▶ [TASK OBJECTIVE] The required output is the exact run of lines from the one bearing "Building Photo - 6848 Quail Spring Ave" through the final line of the listing below, with the pictures removed.

─── DATASET EXCERPT

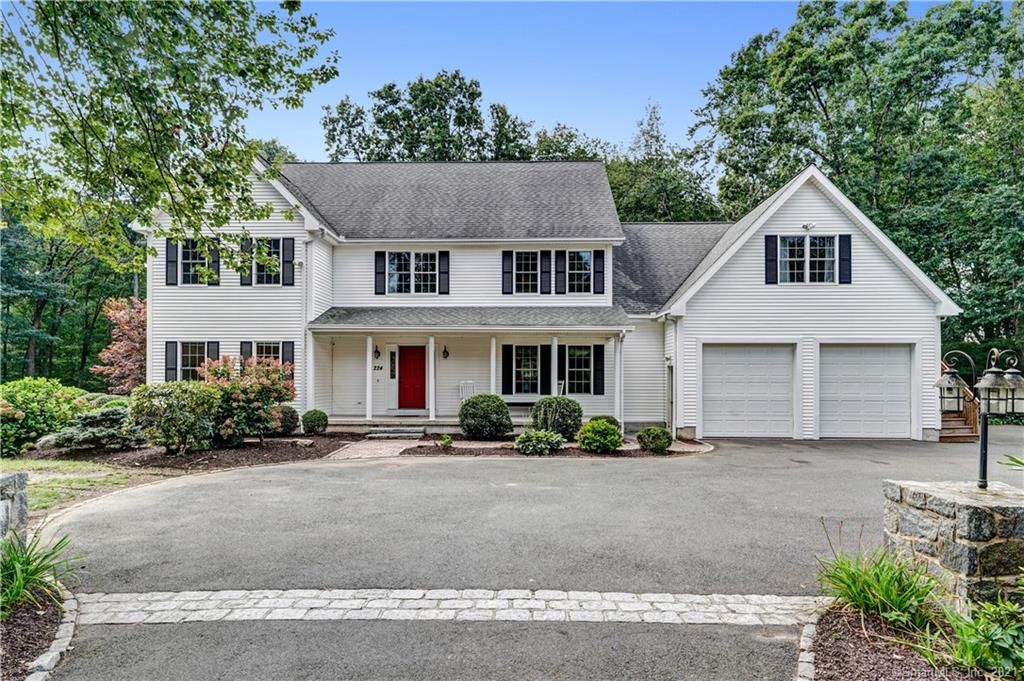 224 Beardsley Rd, Shelton, CT 06484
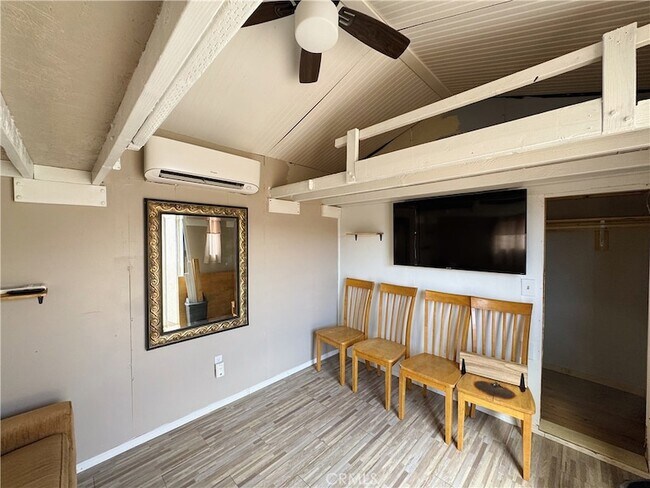 Building Photo - 6848 Quail Spring Ave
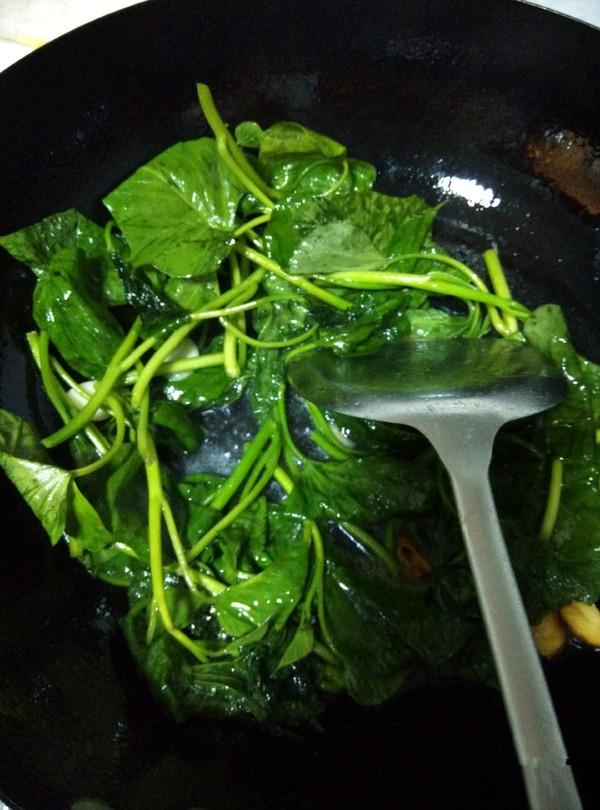  红苕尖的川味做法简单好吃，蒜蓉红苕尖怎么做好吃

──────

▶ [ANSWER TO THE EXERCISE]
 Building Photo - 6848 Quail Spring Ave
  红苕尖的川味做法简单好吃，蒜蓉红苕尖怎么做好吃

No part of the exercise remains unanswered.